Beckstoffer was referring to his 1,200-cabernet-acre vineyard in Lake County. Up to now, most of the fruit he has produced there has been sold to larger producers, including Clos du Bois and Joel Gott wines, although some has found its way into the hands of elite winemakers such as Thomas Brown and other luminaries.

“We’re not in the commodity business,” Beckstoffer said. “We’re in the branded-product business, and we believe that Amber Knolls cab could be in the $80- to $100-per-bottle category of vineyard-designated wine. We are so sure that we are willing to give away 10 acres’ worth of free fruit to prove it.”

Beckstoffer was referring to his newest strategy to give 10 winemakers an acre’s worth of cabernet sauvignon grapes for three vintages. Winemakers can apply by Feb. 15 by submitting their cover letters and résumés. According to the Beckstoffer website, qualifications for the applying winemakers include a minimum of five years in winemaking production and knowledge and experience in producing ultra-premium cabernet sauvignon.

“We hope the applicants include both established, well-known vintners as well as up-and-comers,” said David Beckstoffer.

David is one of Beckstoffer’s sons, and since 1997 he has helped his father run the Beckstoffer Vineyards operation, which oversees the farming of roughly 3,600 acres in Napa Valley, Mendocino County and the Red Hills of Lake County.

Beyond being provided free grapes, the chosen winemakers will help with the farming decisions that apply to their selected acre.

“Typically, we harvest grapes mechanically up there, but for the acres picked by our chosen winemakers we’ll treat the farming just like our most premier vineyards in Napa Valley, harvesting by hand and reducing the crop loads to 3 or so tons an acre,” David said. “All our vineyards are farmed sustainably, but the winemakers will have a say in farming decisions such as yield, pruning, irrigation and other issues that are key to grape quality.”

Many winemakers are excited by this opportunity.

“I threw my name into the hat because this seems like a very exciting opportunity to explore a new wine-growing area and work with an amazing farming company,” wrote Keith Emerson in an email.

A Boston native, Emerson consults for many brands and is Napa’s Vineyard 29 director of winemaking. He and his partner also have their own brand, Emerson Brown Wines.

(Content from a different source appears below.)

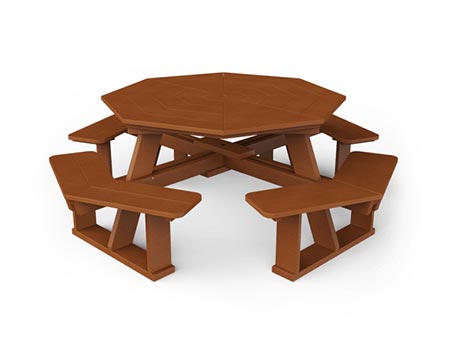 Poly Lumber Octagonal Picnic Table w/ Attached Benches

“I have worked with the Beckstoffer team at a few of their other ranches for several years and have had nothing but the best experiences,” Emerson wrote. “While I have only worked with one Red Hills, Lake County cabernet vineyard, I have tasted several wines made from these vineyards and have a basic understanding of the flavor profile that these unique vineyards produce. There is a lot to learn up there in the Red Hills, and I want to be a part of it.”

What is the motivation behind what they are calling “a grape opportunity”? Beckstoffer said, “We’ll get a better understanding of how different parts of the vineyard perform, and because the winning winemakers must use the best barrels and the best techniques, we’ll have a better understanding of what winemaking seems to work.”

Beyond that, Beckstoffer hopes that after three years of working with what he says is exceptional-quality fruit, each winemaker will take advantage of their option to sign a long-term contract for the fruit.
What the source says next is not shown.